Earlier this year, high profile local and international artists converged on Napier to paint inner city walls with a message about the importance of marine conservation issues.
What are we doing to save our oceans and how will consumer waste and overfishing affect our current and future generations?
Tré Packard, the founder of marine conservation organisation Pangeaseed has been looking at ways to spread awareness of rising global issues that affects us all.
One of the projects run by Pangeaseed is Seawalls for Oceans—a five-day event that gives visual artists a platform to promote an important message and unite communities with a ‘pictures speak louder than words’ approach.
The project landed in Napier this March with the assistance of award-winning artist Cinzah Merkens.
Cinzah Merkens (NZ)
“I’m collaborating with Canadian artist Jason Botkin and I’ve taken out 35-metres of a wall. It’s a big New Zealand long fin eel,which are becoming threatened due to man’s impact on their migratory trails. They breed at one point in their lives [and] they’re amazing creatures who live between 70-100 years old. It’s an amazing opportunity as an artist to be able to have a voice and stand for something bigger than yourself. We’ve got a pretty incredible opportunity to portray a message and when you get given a four storey wall, why the hell not?”
Carly Ealing (US)
“It’s a very physically demanding task. There’s a lot of hard work, you need to put some blood, sweat, and tears into these walls. The biggest wall I’ve ever painted was about 120 feet. I’ve been painting since I was a child and it was natural to want to bring my paintings to a larger canvas. I’m really attached to the ocean [and] I live close to the beach living in San Diego, [so marine conservation issues] are something that I feel strongly about.”
Noelle Anderson (US)
“I come from a family of artists who are also very concerned with the oceans and Pangeaseed merges those two important things. I’m at Dartmouth College where I'm studying studio art and a geography double major, which lends itself perfectly to doing projects like this, because in geography I’m studying the intersection between the environment and social justice.”
Two One (Berlin)
“I’m painting a Chatham Island Shag flying above the ocean. It’s a New Zealand native endangered species. They don’t know the actual reason why they are declining, but it’s pretty hard not to think that humans are one of the causes with over-fishing and pollution. I get to paint murals in a lot of different places, and I think it speaks much more strongly if I paint something connected to the location where I'm working. My work can be quite dark, but I’m not just painting a pretty picture, that’s for sure.”
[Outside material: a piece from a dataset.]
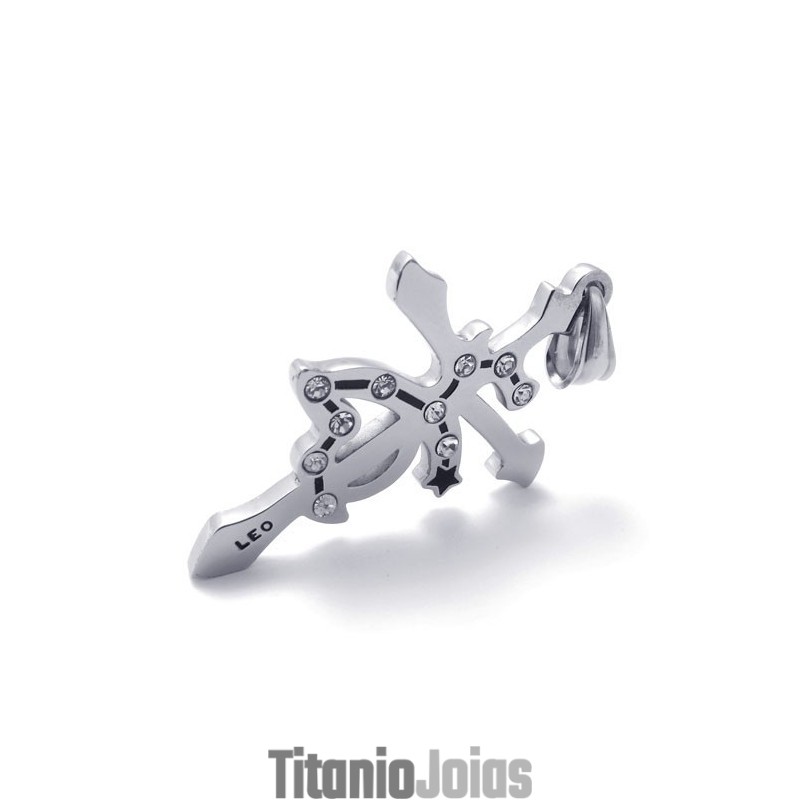 Pingente De Titânio Leo Com Strass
“I have been travelling non-stop for the past two years now. For this wall, I’m focusing on shark finning, which is a very wasteful and inhumane practice. They cut the top and side fins off and throw the body back into the water. It slowly sinks to the bottom of the ocean and drowns. The mainstream media is not going to cover these issues, so when you come together as a group of artists from around the world, you’re trying to create something long lasting that people will understand. “
“I feel like street art is becoming recognised now as a global art form, but I still consider many of us to be muralists. This collective of people from Pangeaseed are really amazing people to experience things. I'm working with Annica and our topic is researching and reflecting on endangered birds of New Zealand, so I'm focusing on the Fairy Tern and the Chatham Island Taiko and we’re talking about a story of loss.”
“This is the first time that I’ve worked with Pangeaseed and what appealed to me about this project was the act of being socially conscious and socially responsible in our art. I’m a lettering artist and I’m working with Amanda. The lettering behind the whole piece says, you’ll miss me when I’m gone.”
Celeste Buyers (US)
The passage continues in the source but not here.